“Num tempo de engano universal, dizer a verdade é um ato revolucionário”
– George Orwell 

Temos sido entretidos com diversas notícias sobre a corrupção, como se, de repente, o país tivesse sido despertado para um fenómeno que nos acompanhou desde sempre. Ao mesmo tempo, os candidatos dos partidos ditos principais têm ido a um órgão de comunicação social declarar que nunca meteram cunhas e que ninguém lhas pediu. Nada mais ilusório.

Sendo Portugal o que é, obviamente que tal não pode corresponder à verdade, ou não vivem no mesmo mundo dos comuns cidadãos em que vários serviços públicos do Estado só avançam depois de muitos pedidos, algumas súplicas e outras tantas ameaças. Sempre foi assim e, enquanto não existir uma mudança profunda no sistema, sempre será, pelo que as respostas dadas só podem indiciar ou um total alheamento, ou a respetiva irrelevância dos declarantes para os cidadãos ou, hipótese mais provável, que todos queiram ficar na fotografia com um ar impoluto e honesto. 

Essa será uma mentira, mas percebe-se que assim seja, uma vez que a nossa mais recente fixação televisiva parece ser ver casos judiciais como quem vê uma novela, em que esperamos que os bons sejam felizes para sempre, e os maus muito castigados. Sucede que a justiça não é – nem pode ser… – uma história de cordel, contada para nos distrair da vida real. 

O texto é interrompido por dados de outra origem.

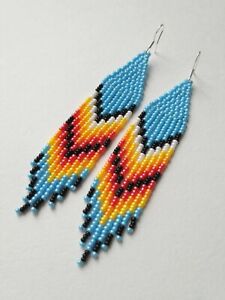 Boho style Blue orange earrings Long blue beaded earrings Southwest seed bead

E, no que a Portugal diz respeito, a justiça falha muitas vezes e as explicações são várias. Ao contrário da maior parte dos comentários feitos em ambiente de taberna, sou das que não alinham no discurso de que é tudo corrupto, também na justiça. Essa é uma grande mentira. Há (manifesta) falta de meios, sistemas obsoletos, funcionários mal pagos. Mas, sabendo-me muito isolada, sou também das que não têm grandes ilusões sobre a existência de alguns feudos e de alguma sensação de impunidade, com timings políticos à mistura. Negar é outra mentira. 

O caldo que está criado, quando tudo o que é essencial nos falha, é apto a que as pessoas achem normal cidadãos estarem detidos em clara violação da nossa lei fundamental e gozem com isso. É, também, muito propício a que se faça tábua rasa do princípio da inocência porque os órgãos de comunicação social se transformaram no tribunal do povo, onde cada um de nós é compelido a julgar sem conhecer as regras do jogo. 

Não alinho nisto como não alinho em discursos populistas que, visando capturar o voto, querem fazer crer que só eles nos podem salvar de nós próprios. Não salvarão, até porque, na melhor das hipóteses, não são diferentes da (triste, é certo…) realidade de que se aproveitam. Dizer o oposto é outra mentira. 

Para mim, os princípios fundamentais serão sempre para se cumprirem porque é isso que nos distingue da barbárie. Mesmo quando não simpatizamos com as pessoas. Diria eu que principalmente nestes casos. Devemos desejar a todos a justiça que queremos para nós. Defender que isso sucede sempre será, provavelmente, a maior das mentiras.